Monday, October 6, 2008

Political Science Experiments Show Media Corrections Could Backfire

With less than a month to go before the November election, voters are weighing the information they’ve received about the candidates in preparation for the voting booth. But what happens when the information they’ve been given is wrong?

Jason Reifler, an assistant professor of political science at Georgia State, set out to examine the effects of political misinformation and attempts to correct that information on the public. They gave news articles that contained slightly misleading information to a group of volunteers. Half of that group then received corrections to the misleading information. The results were surprising.
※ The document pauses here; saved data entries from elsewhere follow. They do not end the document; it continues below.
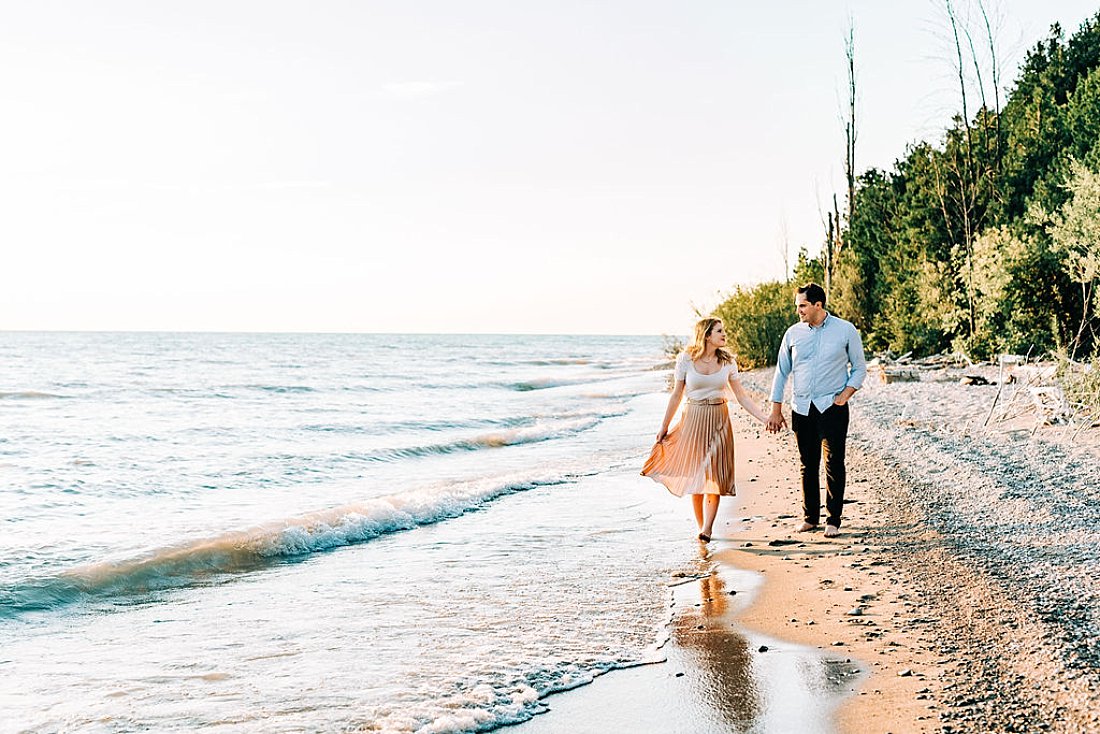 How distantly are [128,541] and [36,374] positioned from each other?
137 ft

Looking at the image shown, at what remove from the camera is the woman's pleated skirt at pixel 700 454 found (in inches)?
317

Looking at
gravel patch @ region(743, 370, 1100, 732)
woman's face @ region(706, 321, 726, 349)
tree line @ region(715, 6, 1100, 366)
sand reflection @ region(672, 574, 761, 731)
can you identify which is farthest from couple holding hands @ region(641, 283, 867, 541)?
tree line @ region(715, 6, 1100, 366)

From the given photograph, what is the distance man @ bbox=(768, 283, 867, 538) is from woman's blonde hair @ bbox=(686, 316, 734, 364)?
0.48m

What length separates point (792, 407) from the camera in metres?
7.91

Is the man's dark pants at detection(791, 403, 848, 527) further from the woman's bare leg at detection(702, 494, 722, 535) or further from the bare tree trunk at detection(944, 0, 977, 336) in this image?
the bare tree trunk at detection(944, 0, 977, 336)

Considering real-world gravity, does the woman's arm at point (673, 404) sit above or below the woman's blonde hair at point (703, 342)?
below

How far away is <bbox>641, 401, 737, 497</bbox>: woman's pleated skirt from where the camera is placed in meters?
8.06

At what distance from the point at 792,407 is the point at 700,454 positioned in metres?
0.85

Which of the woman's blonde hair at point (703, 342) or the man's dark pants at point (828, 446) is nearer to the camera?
the man's dark pants at point (828, 446)

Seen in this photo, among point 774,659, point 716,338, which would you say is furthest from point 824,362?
point 774,659

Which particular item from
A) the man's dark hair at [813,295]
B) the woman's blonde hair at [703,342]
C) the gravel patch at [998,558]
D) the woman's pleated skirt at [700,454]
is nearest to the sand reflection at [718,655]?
the gravel patch at [998,558]

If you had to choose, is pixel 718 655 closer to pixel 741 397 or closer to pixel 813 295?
pixel 813 295

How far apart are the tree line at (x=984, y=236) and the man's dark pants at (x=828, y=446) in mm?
12816

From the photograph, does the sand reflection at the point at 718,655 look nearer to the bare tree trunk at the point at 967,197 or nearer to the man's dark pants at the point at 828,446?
the man's dark pants at the point at 828,446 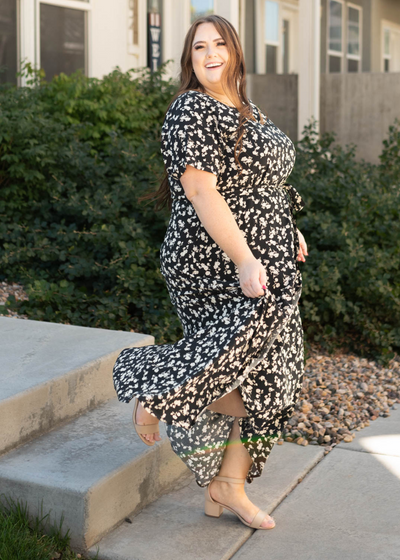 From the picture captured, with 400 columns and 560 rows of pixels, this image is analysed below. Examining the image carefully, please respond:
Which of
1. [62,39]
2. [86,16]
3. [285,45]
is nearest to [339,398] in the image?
[62,39]

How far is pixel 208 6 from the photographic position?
393 inches

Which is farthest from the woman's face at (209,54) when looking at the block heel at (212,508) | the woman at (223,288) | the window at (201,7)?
the window at (201,7)

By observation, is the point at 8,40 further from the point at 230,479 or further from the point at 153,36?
the point at 230,479

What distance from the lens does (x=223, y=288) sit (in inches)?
98.6

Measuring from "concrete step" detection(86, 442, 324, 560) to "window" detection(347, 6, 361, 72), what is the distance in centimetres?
1257

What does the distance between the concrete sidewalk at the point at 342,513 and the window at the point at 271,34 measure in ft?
32.9

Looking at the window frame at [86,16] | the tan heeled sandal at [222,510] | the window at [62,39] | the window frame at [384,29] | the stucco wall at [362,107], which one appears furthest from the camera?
the window frame at [384,29]

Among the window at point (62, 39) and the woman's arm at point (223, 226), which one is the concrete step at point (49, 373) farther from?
the window at point (62, 39)

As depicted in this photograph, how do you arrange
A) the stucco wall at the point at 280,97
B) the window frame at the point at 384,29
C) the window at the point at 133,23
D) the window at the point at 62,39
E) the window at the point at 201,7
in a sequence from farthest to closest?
the window frame at the point at 384,29
the stucco wall at the point at 280,97
the window at the point at 201,7
the window at the point at 133,23
the window at the point at 62,39

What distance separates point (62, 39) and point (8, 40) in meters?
0.75

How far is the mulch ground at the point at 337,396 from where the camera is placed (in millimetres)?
3664

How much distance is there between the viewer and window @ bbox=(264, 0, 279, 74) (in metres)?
12.4

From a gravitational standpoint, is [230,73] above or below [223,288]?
above

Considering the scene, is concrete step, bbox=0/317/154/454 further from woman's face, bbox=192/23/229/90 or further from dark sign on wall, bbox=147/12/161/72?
dark sign on wall, bbox=147/12/161/72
“We started this research actually trying to figure out what strategies would best enable the media or other sources to be able to try and correct misperceptions that people hold,” Reifler said. “And what we found instead was that giving people a slightly misleading statement as part of a newspaper article and then giving some people corrections, that some people actually ended up believing the thing that was wrong even more fervently after being given the correction.”

Given their findings, Reifler and research partner Brendan Nyhan of Duke University will now shift their focus to examine why media corrections don’t work and what can be done to make corrections more effective. One possible explanation is that voters feel their sense of self is being threatened when they receive information that runs counter to their beliefs.

“We’re looking at interventions that increase people’s self-esteem or sense of self, and that if you reinforce those, are people therefore more open to counterattitudinal information?” Reifler said. “The long-term hope is that we’ll actually be able to give strategies to the media, to politicians, so that we’re able to have a better political debate.”